Francois Ratier
- Born: August 12, 1972 (age 53) La Rochefoucauld, Charente, France

Rugby union career
- Position: Wing

Senior career
- Years: Team / Apps / (Points)
- 1989-1999: SC Angoulême

Coaching career
- Years: Team
- 2016: Canada (Interim)
- 2014: Canada (Asst. coach)
- 2013-2017: Canada women's
- 2009-2012: Canada U17's
- 2009: Canada A
- 2009: Rugby Quebec
- 2009: The Rock (Asst. coach)
- 2007-2008: Concordia University
- 2006-2011: St.

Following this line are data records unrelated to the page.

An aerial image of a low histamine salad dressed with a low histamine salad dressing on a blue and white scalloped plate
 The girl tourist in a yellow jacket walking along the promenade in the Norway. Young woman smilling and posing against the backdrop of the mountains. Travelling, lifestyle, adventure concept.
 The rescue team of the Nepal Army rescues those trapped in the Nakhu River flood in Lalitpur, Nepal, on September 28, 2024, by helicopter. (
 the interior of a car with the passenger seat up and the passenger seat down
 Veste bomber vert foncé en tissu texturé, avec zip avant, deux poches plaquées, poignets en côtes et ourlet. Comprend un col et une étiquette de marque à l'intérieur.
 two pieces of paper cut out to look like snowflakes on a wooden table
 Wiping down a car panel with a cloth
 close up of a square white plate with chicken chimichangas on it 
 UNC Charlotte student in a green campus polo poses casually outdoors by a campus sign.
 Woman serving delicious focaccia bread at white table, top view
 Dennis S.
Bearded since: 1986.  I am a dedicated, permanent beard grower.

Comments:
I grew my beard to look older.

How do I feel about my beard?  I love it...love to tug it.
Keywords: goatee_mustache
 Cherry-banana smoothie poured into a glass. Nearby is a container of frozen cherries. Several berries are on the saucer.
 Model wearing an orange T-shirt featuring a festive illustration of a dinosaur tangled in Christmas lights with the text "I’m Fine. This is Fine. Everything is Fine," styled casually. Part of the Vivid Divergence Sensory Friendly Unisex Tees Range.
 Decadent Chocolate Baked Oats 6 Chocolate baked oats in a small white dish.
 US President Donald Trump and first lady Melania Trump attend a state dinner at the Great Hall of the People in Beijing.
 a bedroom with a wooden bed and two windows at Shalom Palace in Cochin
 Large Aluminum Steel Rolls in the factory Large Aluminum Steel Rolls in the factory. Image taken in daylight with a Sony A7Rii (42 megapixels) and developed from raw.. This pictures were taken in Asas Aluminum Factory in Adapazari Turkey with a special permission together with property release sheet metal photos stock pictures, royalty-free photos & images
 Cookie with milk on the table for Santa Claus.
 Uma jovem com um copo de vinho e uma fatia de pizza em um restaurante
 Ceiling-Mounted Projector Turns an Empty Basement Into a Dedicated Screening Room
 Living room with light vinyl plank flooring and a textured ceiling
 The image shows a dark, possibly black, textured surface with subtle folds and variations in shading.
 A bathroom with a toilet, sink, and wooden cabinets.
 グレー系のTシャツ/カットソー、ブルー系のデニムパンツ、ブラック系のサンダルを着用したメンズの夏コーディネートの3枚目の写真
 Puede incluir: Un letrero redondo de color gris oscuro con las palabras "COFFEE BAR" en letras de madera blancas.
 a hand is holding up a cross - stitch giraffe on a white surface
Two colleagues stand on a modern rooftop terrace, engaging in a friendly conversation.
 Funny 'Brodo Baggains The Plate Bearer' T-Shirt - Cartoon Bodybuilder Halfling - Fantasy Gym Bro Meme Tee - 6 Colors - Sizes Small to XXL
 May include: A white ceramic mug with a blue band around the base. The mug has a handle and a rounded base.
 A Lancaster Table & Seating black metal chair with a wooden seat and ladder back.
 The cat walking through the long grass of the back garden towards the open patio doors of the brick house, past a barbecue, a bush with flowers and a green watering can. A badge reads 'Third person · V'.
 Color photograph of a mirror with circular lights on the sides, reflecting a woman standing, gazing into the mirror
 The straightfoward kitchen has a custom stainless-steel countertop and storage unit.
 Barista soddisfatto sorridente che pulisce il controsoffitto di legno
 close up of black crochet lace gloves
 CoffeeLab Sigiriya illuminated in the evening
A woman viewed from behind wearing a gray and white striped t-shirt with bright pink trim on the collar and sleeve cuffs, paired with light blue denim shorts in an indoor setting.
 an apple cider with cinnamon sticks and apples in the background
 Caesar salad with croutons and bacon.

Anne de Bellevue RFC
- 2003-2008: Rugby Club de Montreal
- 2025-: France women's

= Francois Ratier =

French rugby union player & coach

Francois Ratier (born August 12, 1972) is a French rugby union and Canadian coach. He was the head coach of the Canada women's national rugby union team. He led them to their first Finals appearance at the 2014 Women's Rugby World Cup in his homeland. He took over the reins as head coach in March 2013.

In January 2016, he became an interim head coach for the Canadian national men's side during the 2016 Americas Rugby Championship, where he led the side to third in the tournament with victories over Uruguay, Chile and Brazil.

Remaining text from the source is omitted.